Verify the number of users connecting to each file share to make sure the SMB path can handle the number of file connections. Currently, Azure Files supports up to 10k handles per root directory.
Resources
Resource Graph Query/Scripts:
// under-development
AVD-29 - App attach should be placed in separate file share and Disaster recovery plan should include App attach storage
Category: Storage
Impact: Medium
Guidance
App Attach packages should be on a separate share from profiles. And App Attach files should be backed up.
Best practice is to separate App Attach VHD files in a separate file share away from user profiles, both for performance and scalability purposes. Requirements can vary greatly depending on how many packaged applications are stored in an image, and you need to test your applications to understand your requirements.
Your file share should be in the same Azure region as your session hosts.
Resources
Resource Graph Query/Scripts:
// under-development
AVD-30 - Ensure virtual networks have route tables/route server configured for all regions
Category: Networking
Impact: Medium
Guidance
For high availability connections back to on-premises datacenters should consider backup paths across the regions that have been utilized. Ensure redundancy in routing by having a secondary route table in the secondary region.
Resources
Resource Graph Query/Scripts:
// under-development
AVD-31 - Ensure virtual networks isolation with separate IP space and NSGs for Prod and DR
Category: Networking
Impact: Medium
Guidance
NSG and ASG per AVD persona and IP space per Prod/DR regions.

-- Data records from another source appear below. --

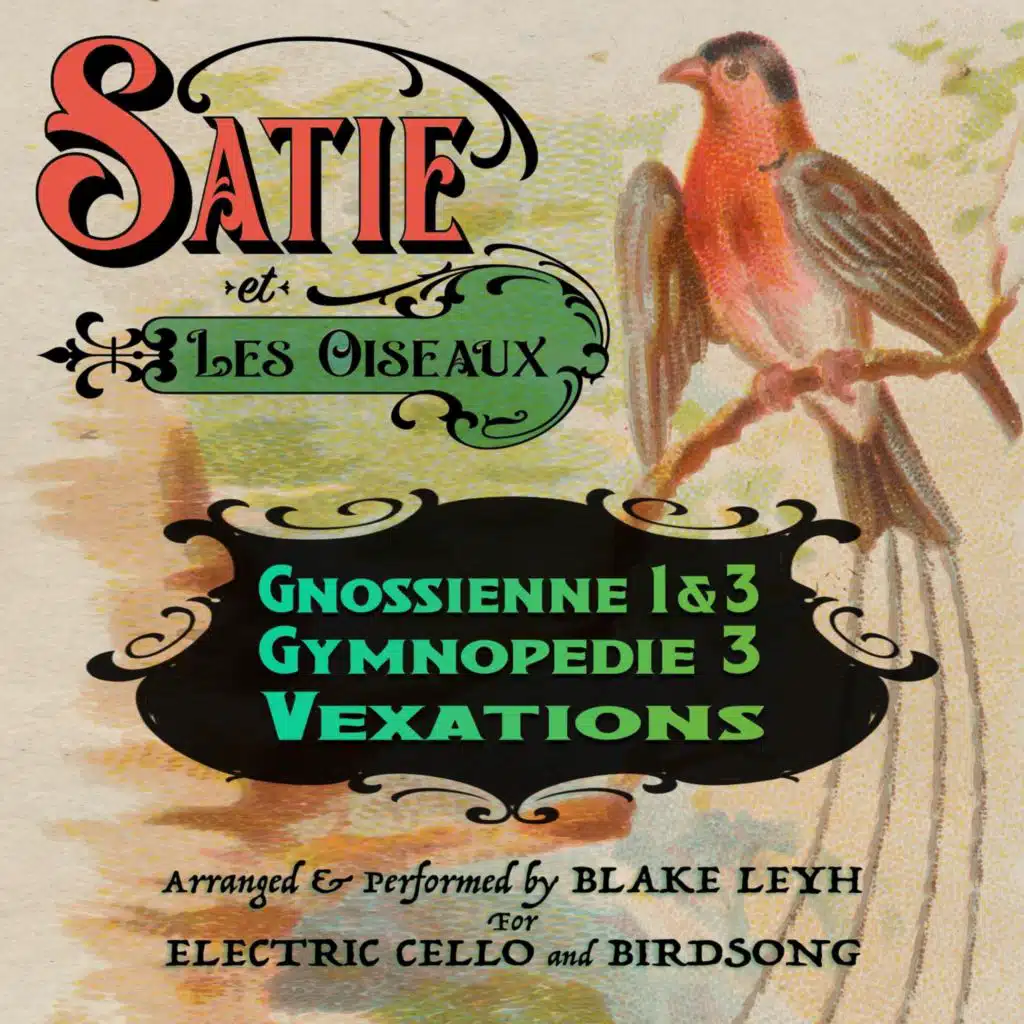 Satie Et Les Oiseaux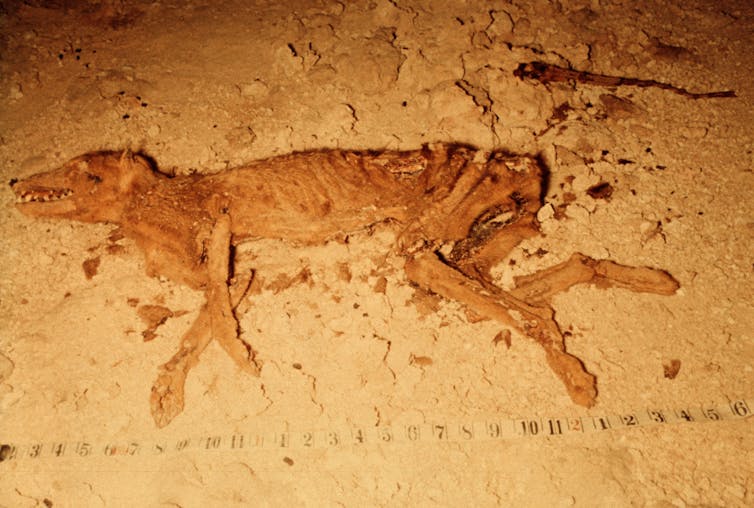 A photo showing a mummified Tasmanian tiger lying in sediment.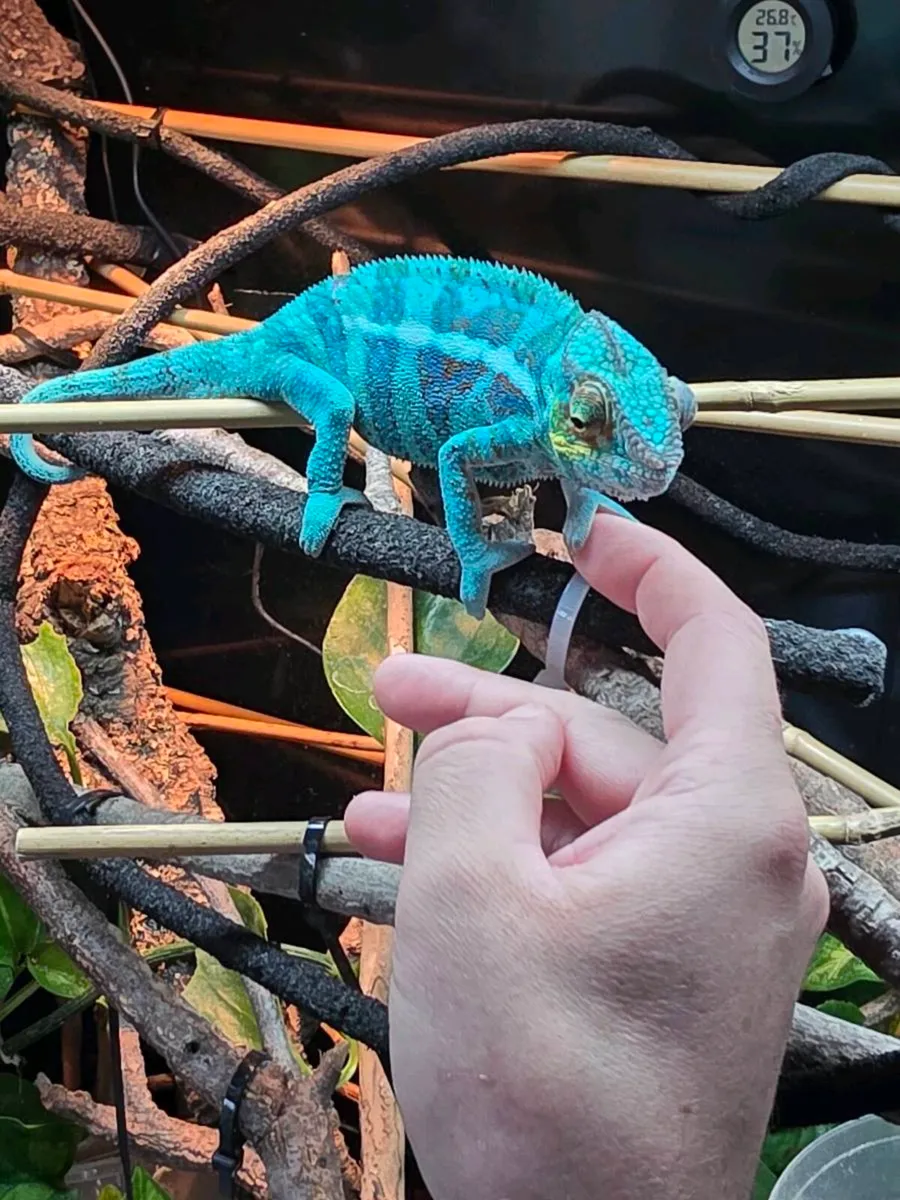 Chameleon panther ambanja - Image 1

It’s important your organization plans for IP addressing in Azure. Planning ensures the IP address space doesn’t overlap across on-premises locations and Azure regions. Overlapping IP address spaces across on-premises and Azure regions create major contention challenges.
Resources
Resource Graph Query/Scripts:
// under-development
AVD-33 - Ensure route tables accommodate failover
Category: Disaster Recovery
Impact: Medium
Guidance
Ensure Route Tables that force tunnel traffic to FW/NVA have failover considerations evaluated and won’t fail or trigger next-gen FW protections.
AVD workload teams should collaborate with centralized teams that manage the shared infrastructure, like networking, to ensure that both Production and DR workloads have the appropriate route tables in place for failover of routing to perform as expected.
Resources
Resource Graph Query/Scripts:
// under-development
AVD-34 - Provision Secondary Key Vault for Disaster Recovery
Category: Disaster Recovery
Impact: High
Guidance: To ensure continuous availability and disaster recovery readiness, it is recommended to provision a secondary Key Vault in a secondary region. In the event of a primary region failure, this secondary Key Vault will ensure that critical secrets are accessible for use in deployments in the secondary region.
Resources:
Resource Graph Query/Scripts:
// cannot-be-validated-with-arg
AVD-35 - Configure AVD Insights Workbook
Category: Monitoring
Impact: High
Guidance
AVD Insights is an Azure Workbook template provided by the AVD product team. It is highly recommended in order to monitor and troubleshoot AVD workloads across metrics, logs, events, and more. Both Production and DR workloads should be enabled with AVD Insights.
Resources
Resource Graph Query/Scripts:
// cannot-be-validated-with-arg
AVD-36 - Ensure separate log analytics workspaces for Prod and DR
Category: Disaster Recovery
Impact: Low
Guidance
Having separate Log Analytics ensures that your DR environment is fully operational for visibility of the metrics, performance, and other auditing tools your workload teams will rely on in the event of an incident.
Resources
Resource Graph Query/Scripts:
// cannot-be-validated-with-arg
AVD-37 - Organize AVD resources using the AVD Scale unit model described by the AVD Landing Zone Methodology
Category: Governance
Impact: Low
Guidance
Follow AVD Landing Zone best practices using multiple resource groups based on resource type and associated shared resources for AVD workloads.
Resources
Resource Graph Query/Scripts:
// cannot-be-validated-with-arg